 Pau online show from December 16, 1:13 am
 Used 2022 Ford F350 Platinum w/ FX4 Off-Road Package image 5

* * *

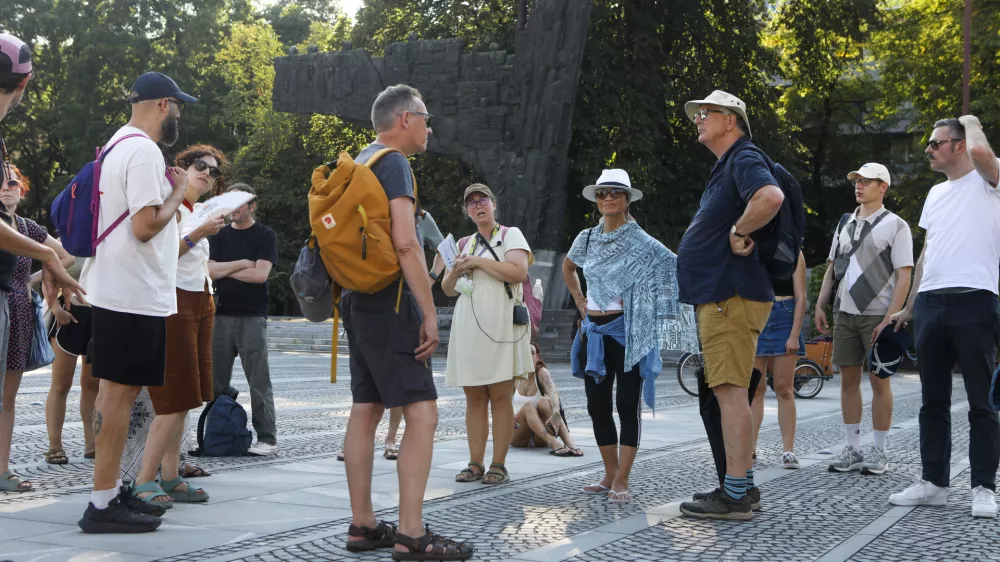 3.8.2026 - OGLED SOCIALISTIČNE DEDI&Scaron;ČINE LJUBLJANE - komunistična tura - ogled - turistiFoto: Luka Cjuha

* [Exercise instructions]:
Using the data above, reproduce exactly the lines between those holding "Pau online show from December 16, 1:13 am" and "Used 2022 Ford", inclusive, and no others.

* [Reply]:
 Pau online show from December 16, 1:13 am
 Used 2022 Ford F350 Platinum w/ FX4 Off-Road Package image 5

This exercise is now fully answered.